- Developer: IBM
- Initial release: 1985; 41 years ago
- Stable release: 8.9 / November 2022; 3 years ago
- Website: www.ibm.com/products/maximo

= Maximo (software) =

Enterprise asset management software

Maximo is enterprise asset management software originally developed by Project Software & Development (later MRO Software) with the first commercial version released in 1985. Purchased by IBM in 2006, it was branded as IBM Maximo Asset Management. With the release of version 8 in July 2021 the product was renamed to IBM Maximo Manage.
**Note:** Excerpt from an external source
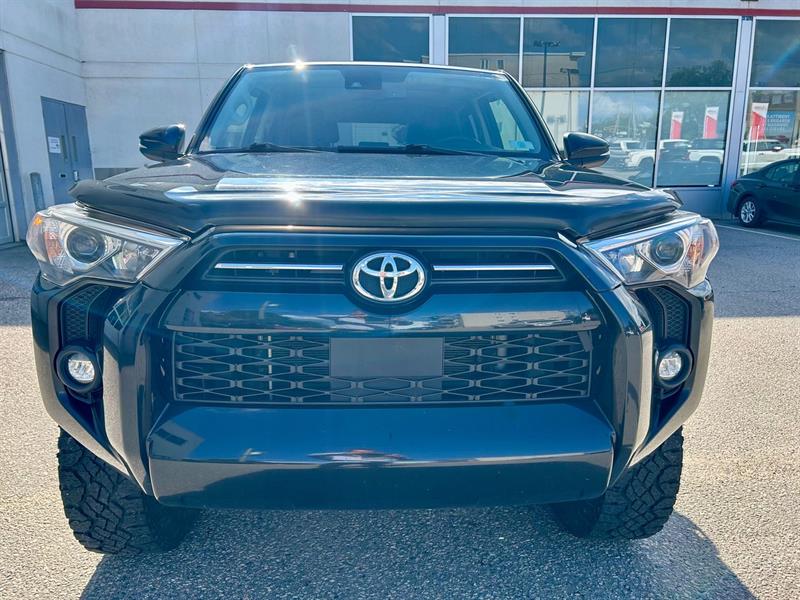 Toyota 4Runner 2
Maximo is designed to assist an organisation in managing its assets such as buildings, vehicles, fire extinguishers, equipment recording details such as details, maintenance schedules and participating in workflows to manage the assets.

==History==
Maximo was originally developed by Project Software & Development Inc (PSDI) which changed its name to MRO Software in 2000.

The product was acquired by IBM and placed in the Tivoli Portfolio. Previously the Tivoli portfolio contained software that was related to the Information Technology sphere; this acquisition brought management of non Information Technology assets into the portfolio.
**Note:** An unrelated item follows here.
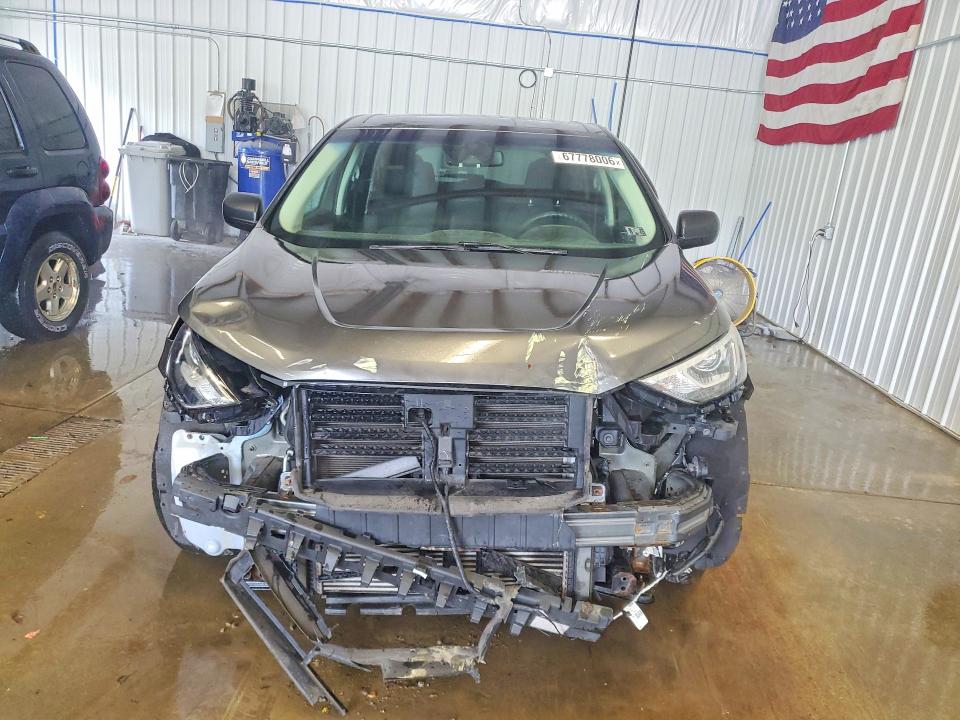 67778006 :رقم المزاد ، 2FMPK4G94KBC50584 vin ، 2019 Ford Edge مزاد بيع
Upon release 7.6, the program was given options to be deployed in a multitenant architecture with options for deployment to the cloud and delivery via a SaaS model. The program has traditionally been based on a character-based user experience known as the classic interface. Later versions have also provided a graphical interface referred to as Work Centers.

In 2020, IBM Maximo 8.0 was released. With it came the IBM Maximo Application Suite, integrating all licensed software and add-ons into one suite of applications. The suite included ViiBE integration, which was added in late 2021.
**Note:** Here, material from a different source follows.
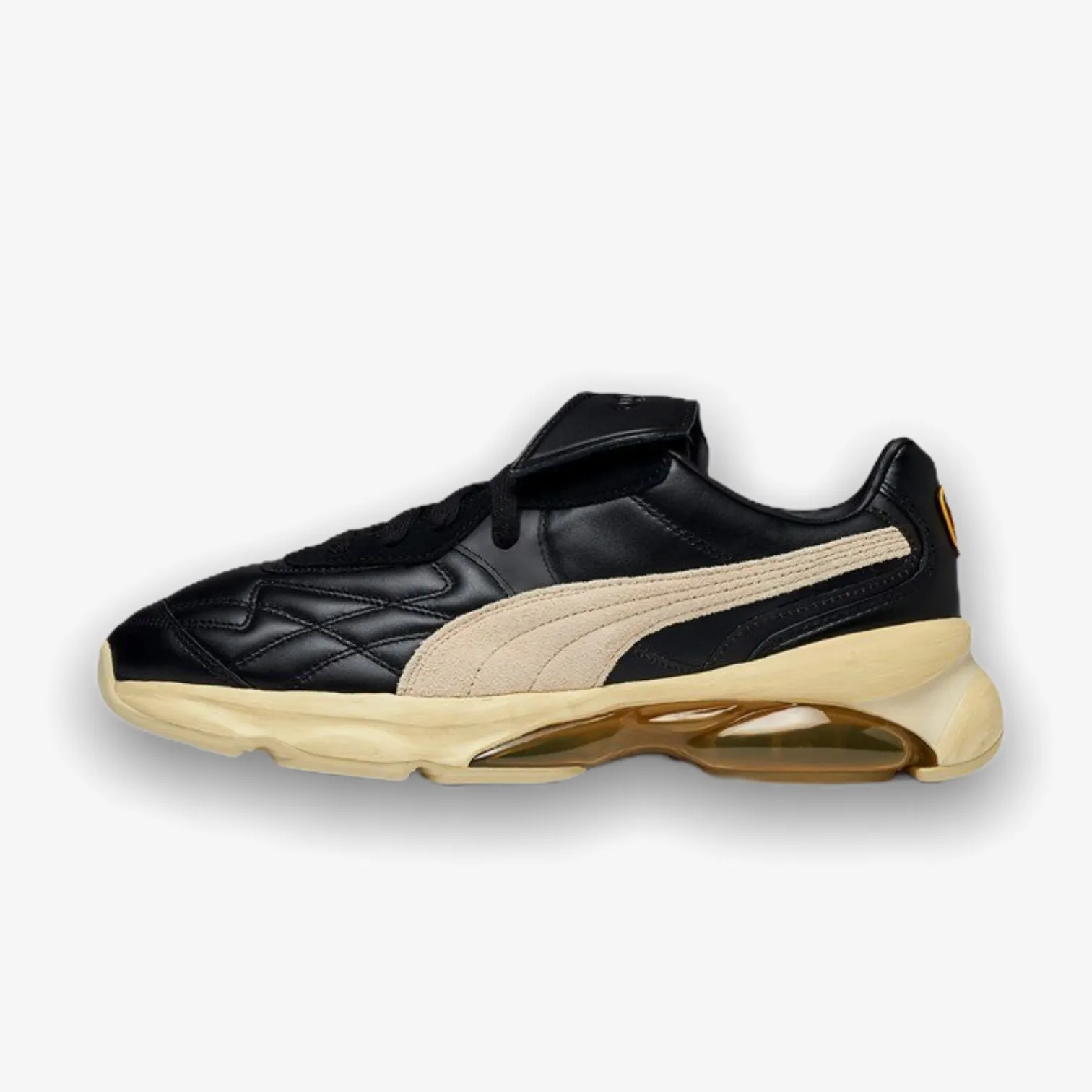 Puma x Rhude Cell King Black Oatmeal 371389-01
In 2025, IBM Maximo Application Suite 9.1 was released. This release provided a flexible licensing model using app points that are consumed when authorized or concurrent users login to maximo and access the applications available in the suite.
IBM TRIRIGA was replatformed and renamed IBM Maximo Real Estate and Facilities, as part of the Maximo Application Suite 9.1 release.

==Architecture==
Maximo originated as a stand-alone solution running on an IBM Personal Computer. As of April 2018, it is supported on specified versions of AIX, Linux and Windows Server, previously HP-UX and Solaris were also supported. Successive versions have developed to leverage newer technologies. Interfaces have been developed for automated interfacing feeds, integration with enterprise level database, resource and reporting tools.

Pre-configured models for some industries are available including rail, nuclear and mining. Software is also available to assist in the interfacing with other software packages and protocols.

==Disputes==
In February 2018 Kalibrate Asset Management, a consultancy specializing in Maximo, sued IBM for 500,000 dollars in a deal registration dispute. This suit was dismissed by the court on 23 March 2018 as Kalibrate had failed to demonstrate it had a contractual right to the commission, nor had it established a claim for misleading and deceptive conduct. Kalibrate was ordered to pay IBM's costs.